What does the space of minimum maximal solutions look like? How can we find such solutions? How difficult it is to find such solutions? How can we approximate such solutions? Who studies such things, and what is the right term for it?

These questions were originally motivated by edge dominating sets and minimum maximal matchings. It is well known (and fairly easy to see) that a minimum maximal matching is a minimum edge dominating set; conversely, given a minimum edge dominating set, it is easy to construct a minimum maximal matching.

So they are, in essence, the same problem. Both problems are NP-hard and APX-hard. There is a trivial 2-approximation algorithm: any maximal matching.

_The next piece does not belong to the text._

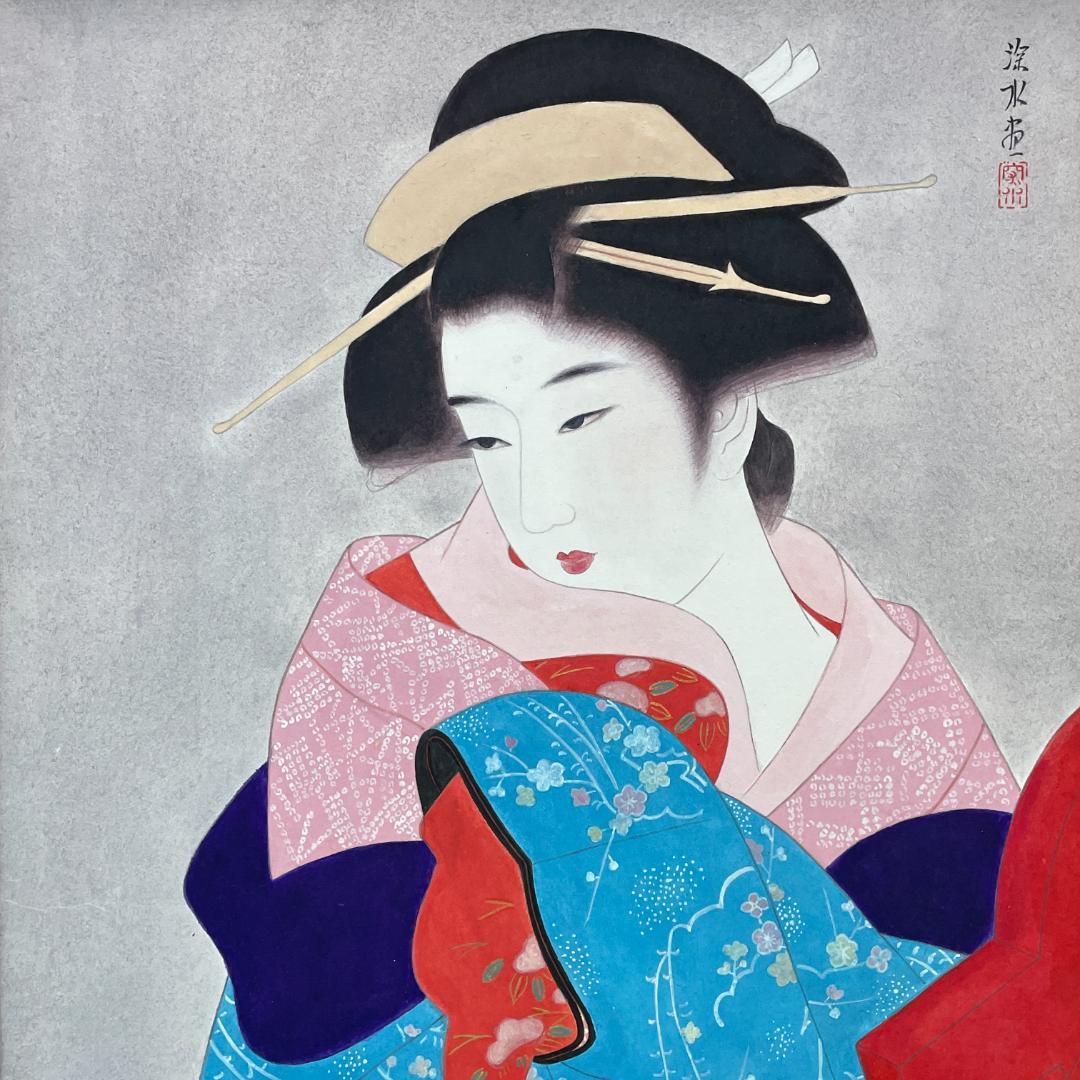 真作保証 伊東深水『三千歳』木版画 美人画 代表作 大判 R8YE11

However, their "natural" LP relaxations look very different. If you take the edge dominating set problem and form a natural LP relaxation, you get a covering LP. However, if you take the problem of finding a minimum maximal matching and try to come up with an LP relaxation, then what do you get? Well, of course fractional matchings are feasible solutions of a packing LP; then maximal fractional matchings are maximal solutions of such LPs, and minimum maximal fractional matchings are therefore minimum maximal solutions of such LPs. :)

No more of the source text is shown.